While he’s done more than steady the ship and has kept McLellan’s 1-3-1 defensive system as a bedrock — his proactive willingness to change up his forward groupings within games has been a notable difference from his predecessor — Hiller has been steadfast in saying his main role is to get the Kings back to playing the kind of tight-checking, disciplined hockey that made them successful in the first half.

Recall that his run began with an impressive 4-0 home win over Edmonton. It was followed immediately by a stinky 7-0 loss at Buffalo, but that’s proven to be an anomaly. The Kings are 14-7-1 under Hiller as they enter their final stretch of the schedule.
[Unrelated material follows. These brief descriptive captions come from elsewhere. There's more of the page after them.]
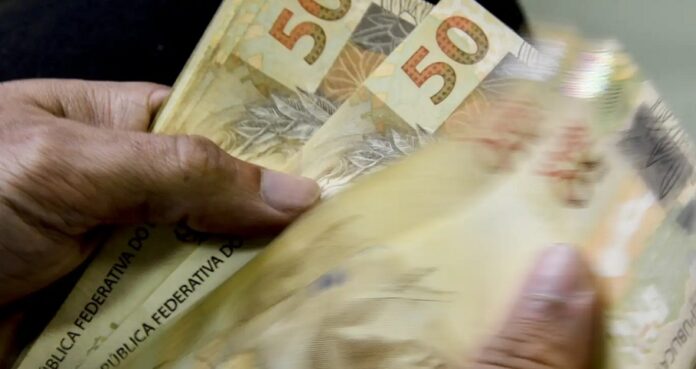 Governo anuncia novo Desenrola para quem ganha até R$ 8,1 mil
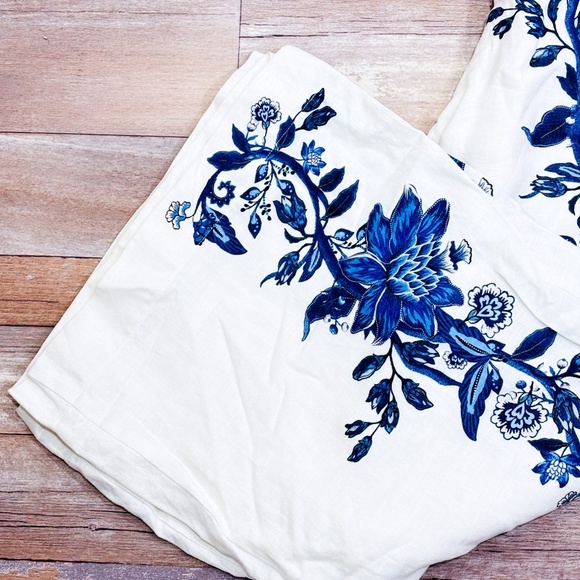 ✨HOST PICK ✨ FARM RIO Cream and blue floral linen wide leg pants - Picture 3 of 8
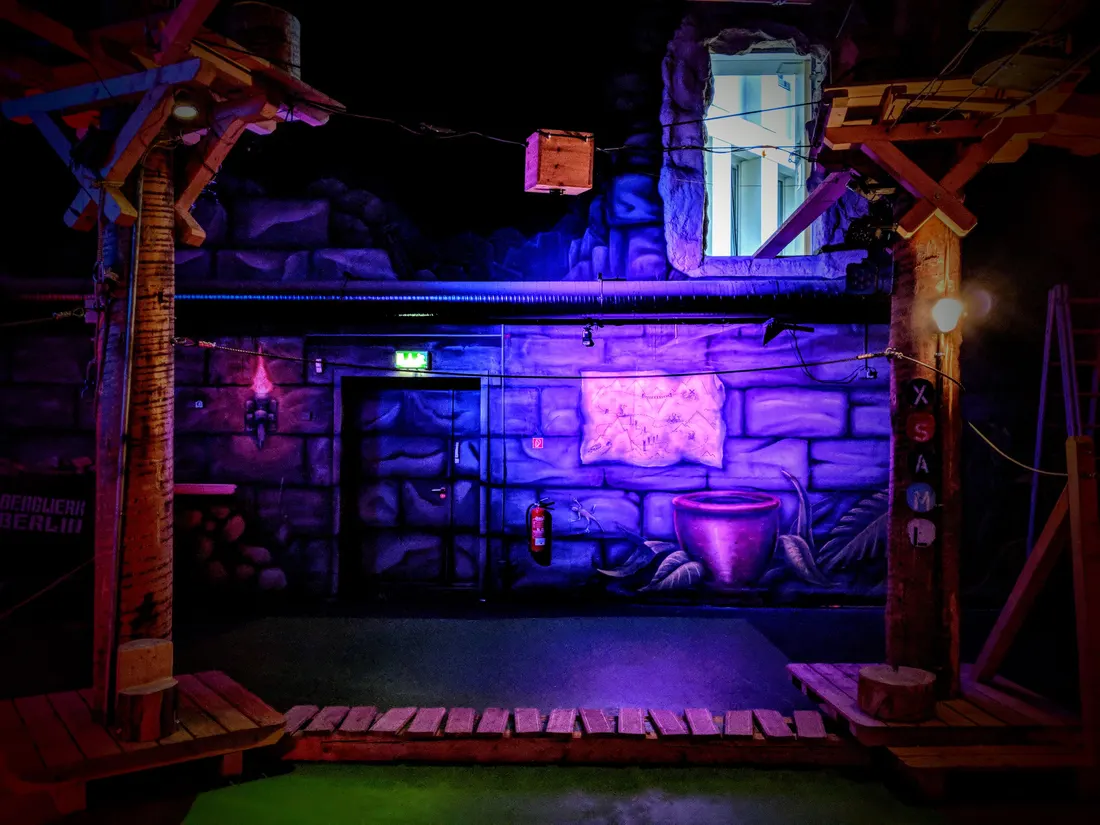 Blacklight-Abenteuerwelt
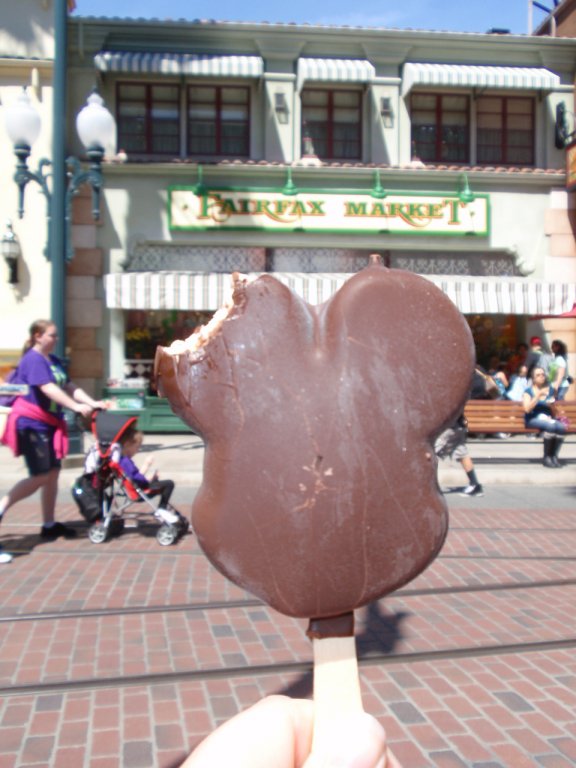 Disneyland Cali 2012 734.JPG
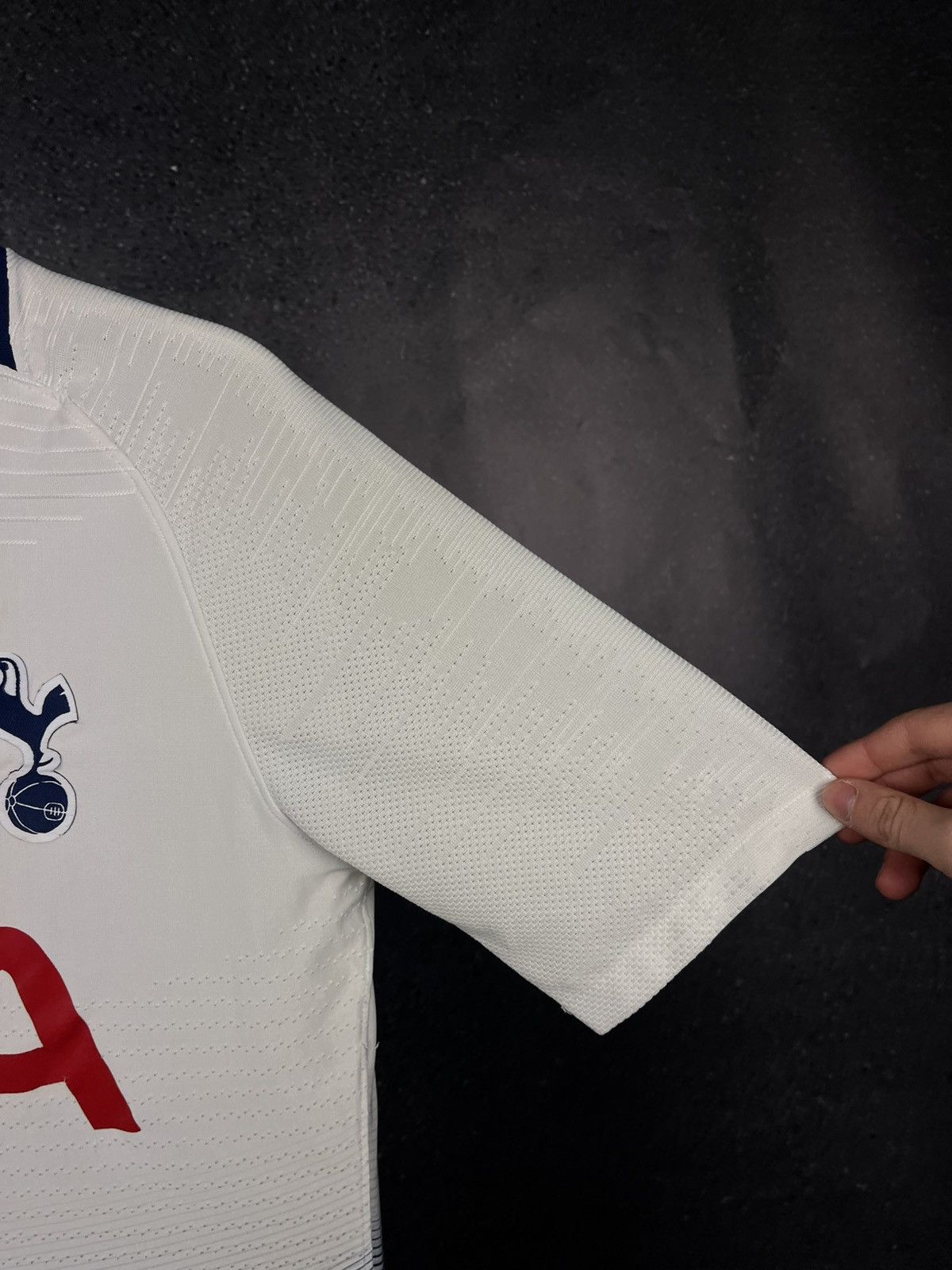Other Tottenham Hotspur 2018 2019 home soccer jersey vaporknit Size US S / EU 44-46 / 1 - 9 Thumbnail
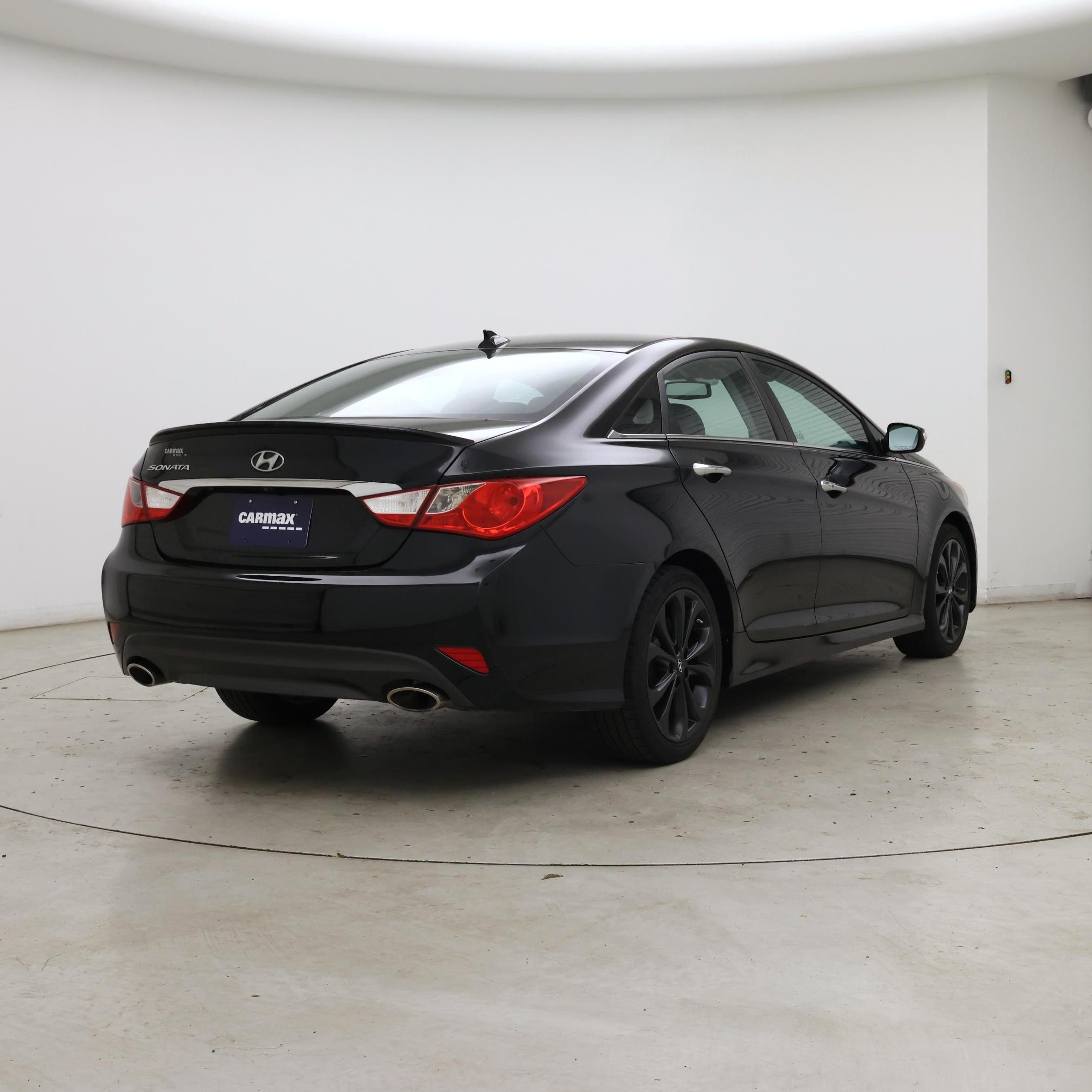 Thumbnail: 2014 Hyundai Sonata - 8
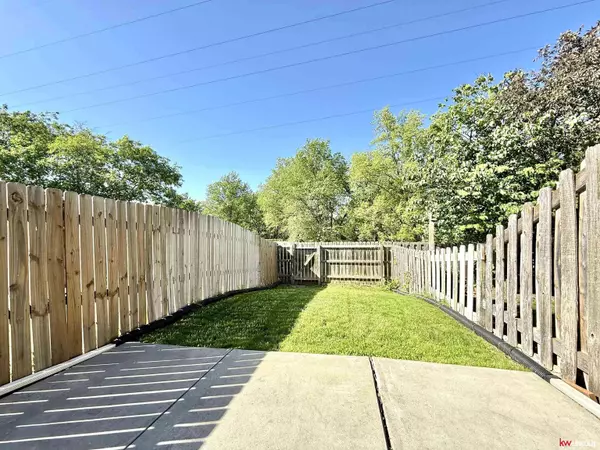 2142 Southwood Place, Lincoln, NE 68512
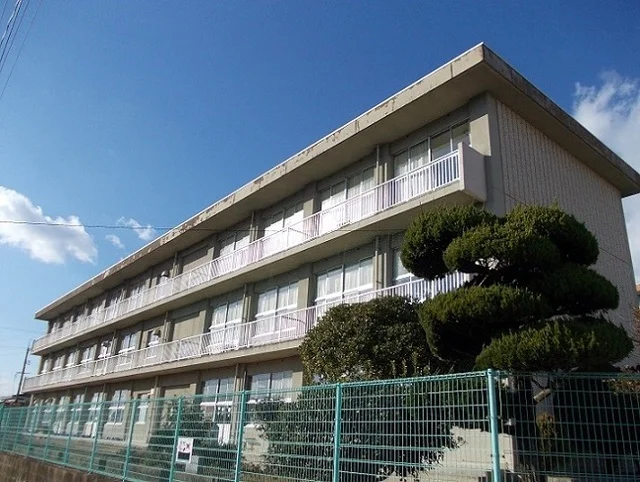 駅家西小学校まで550m
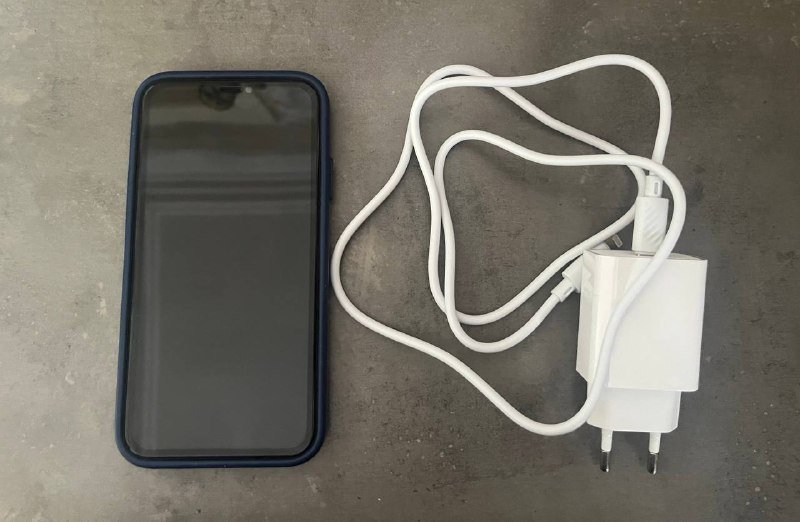 iPhone 11 Black 128 GB, зарядка, чехол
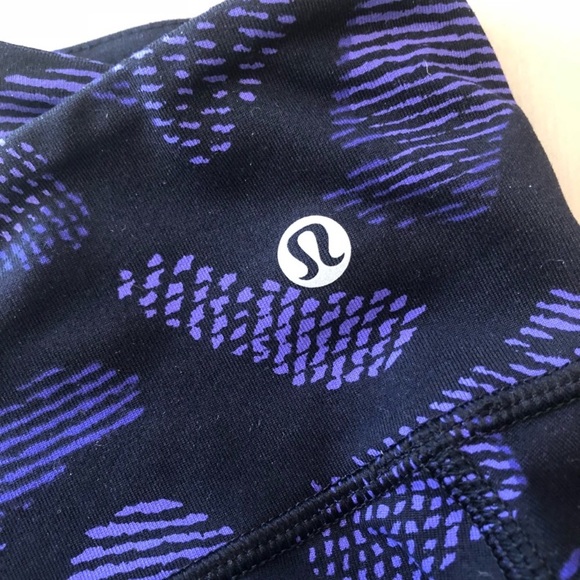 Lululemon leggings Wunder Under Pants size 4. - Picture 4 of 4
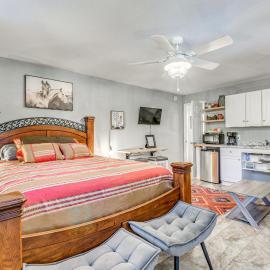 1 Mi to Ruidoso Winter Park! Studio w/ Pool Access, ξενοδοχείο σε Alto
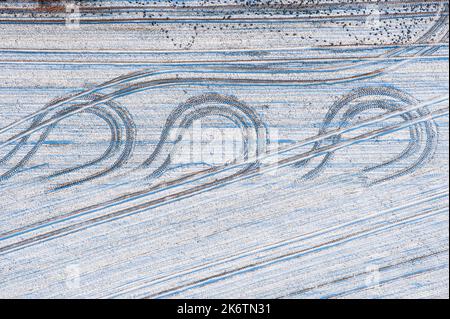 Vista aerea dei cingoli del trattore su un campo innevato, inverno, curva, curva, agricoltura, Bassa Sassonia, Germania Foto Stock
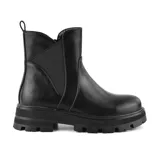 Bota negra de taco bajo, con diseño sencillo y suela gruesa, ideal para uso diario.
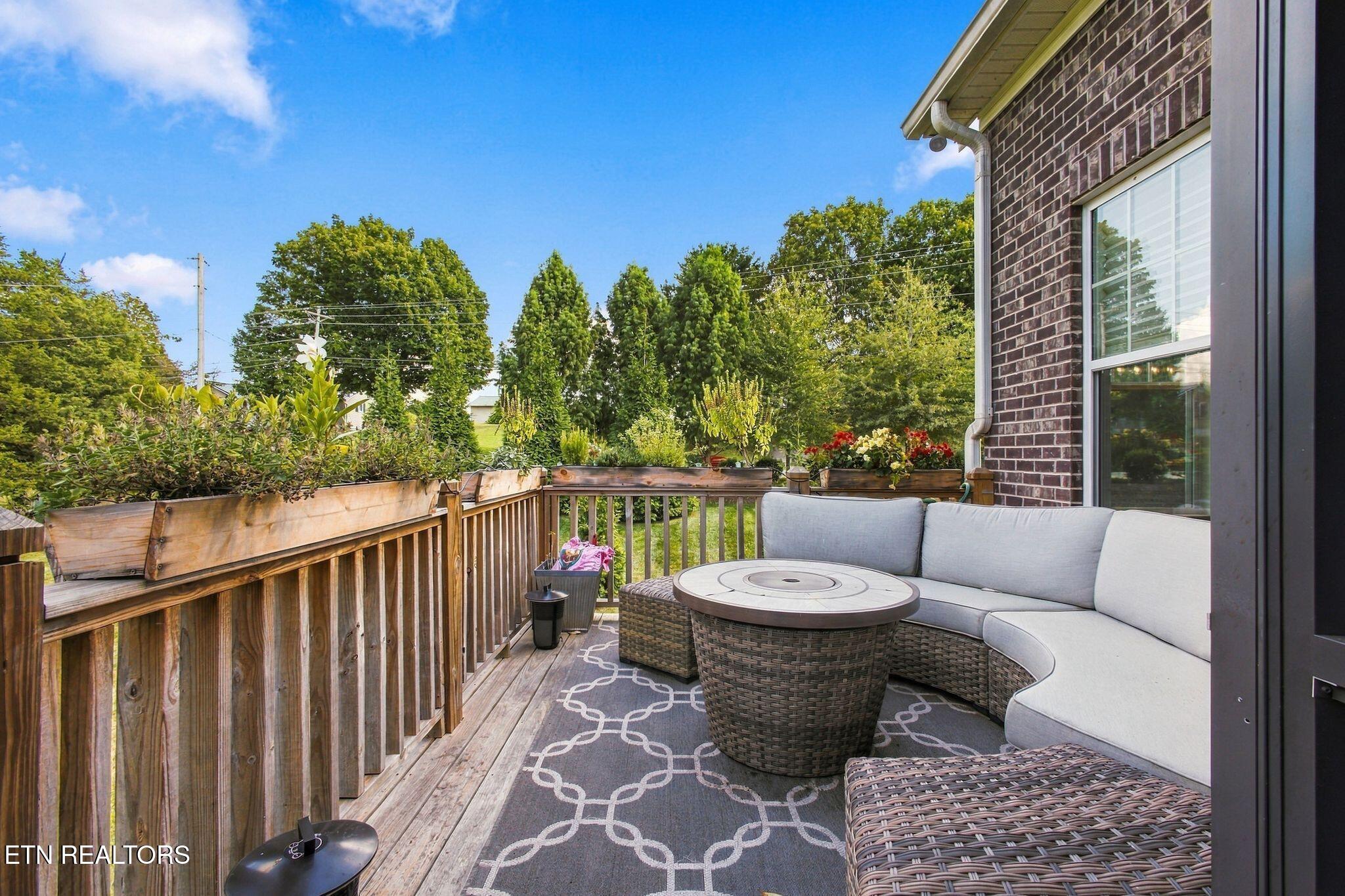 1200 Loggerhead Lane Knoxville TN 37932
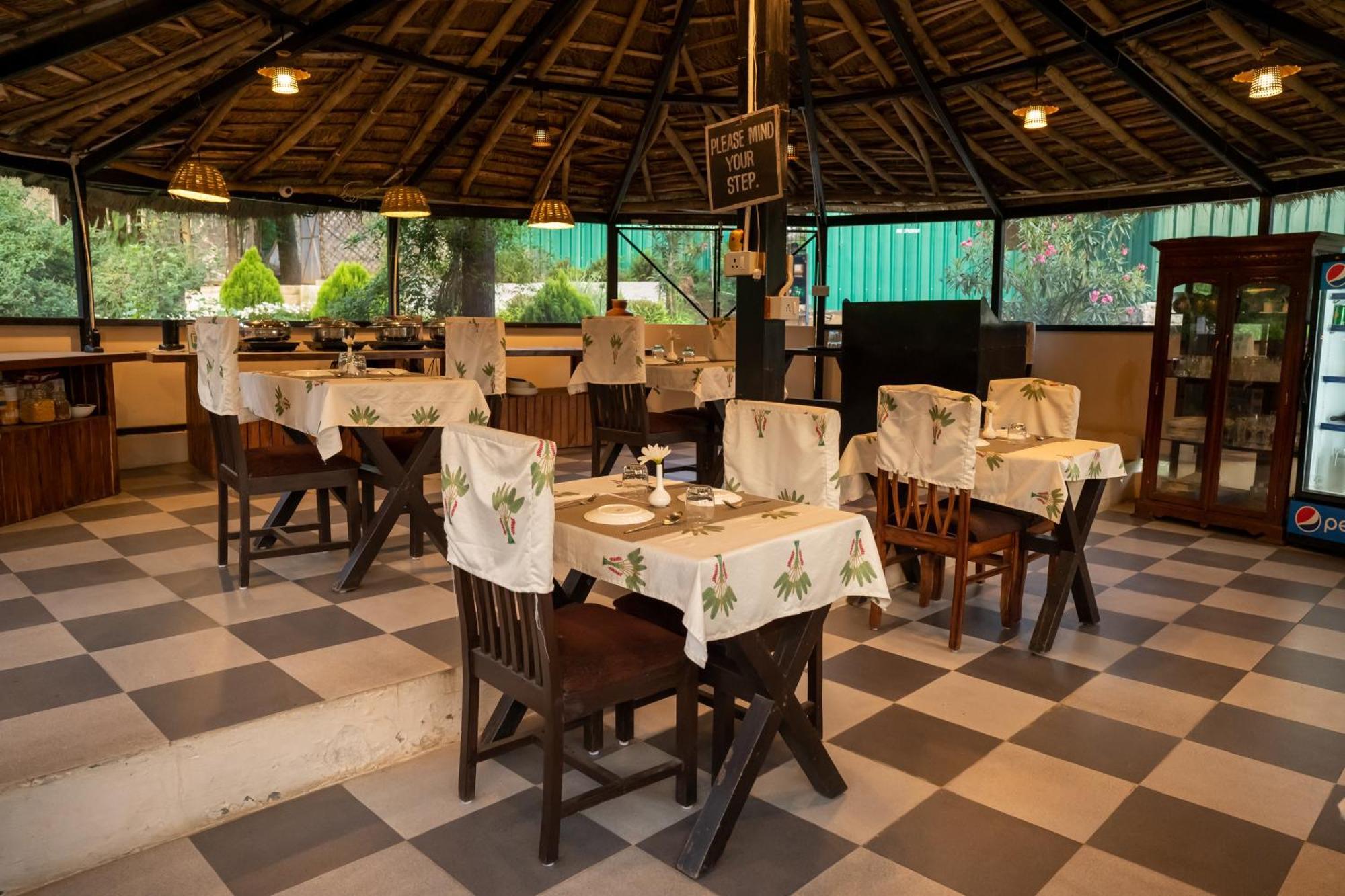 Dev Bhoomi Farms & Cottages Дхарамсала Екстериор снимка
Once they finish this four-game swing, Vancouver is the lone team currently in a playoff spot they’ll face at home.

In other words, they could be surging toward the postseason. They’re in a good mental space these days.

“It should be good,” Hiller said. “We’re playing some pretty good hockey so I would think it’s good. We went through that stretch where we had the injuries and slowly but surely you start to get guys back in the lineup. The guys did a great job dealing with the injuries. And now you get Arvy back in and it just feels like with each addition of those injuries, we just kind of got a little bigger and a little stronger and a little faster.

“I’d say right now we’ve probably felt as good as we’ve felt in a long, long time.”